Exercise instructions: Copy the material below verbatim from the line with "Женская футболка Crop-top" to the line with "Black Double Front Palazzo Pant", both lines included, omitting pictures and every line outside that range.

Dataset records:
BEGIN

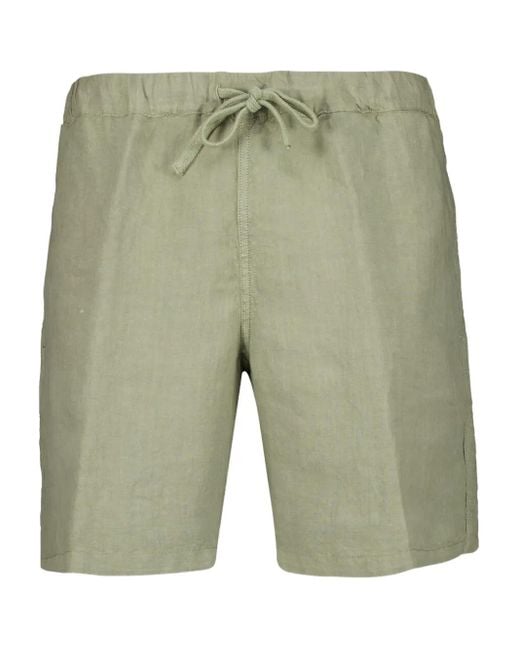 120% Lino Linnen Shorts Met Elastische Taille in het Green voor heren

END
BEGIN

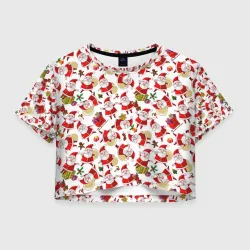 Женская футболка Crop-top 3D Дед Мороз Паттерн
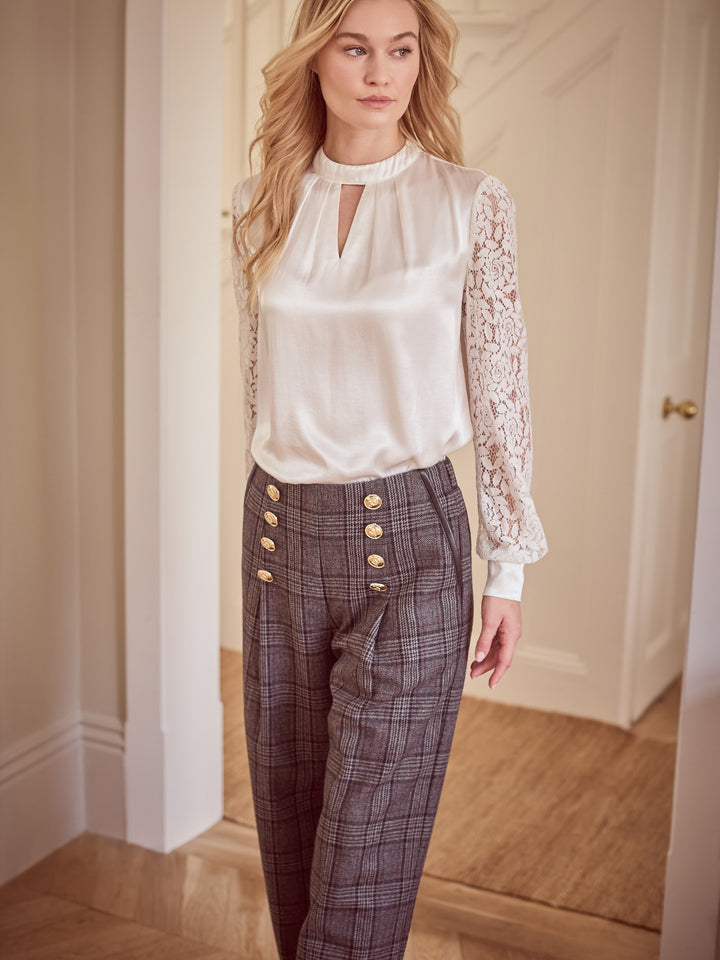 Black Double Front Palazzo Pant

END

Exercise answer:
 Женская футболка Crop-top 3D Дед Мороз Паттерн
 Black Double Front Palazzo Pant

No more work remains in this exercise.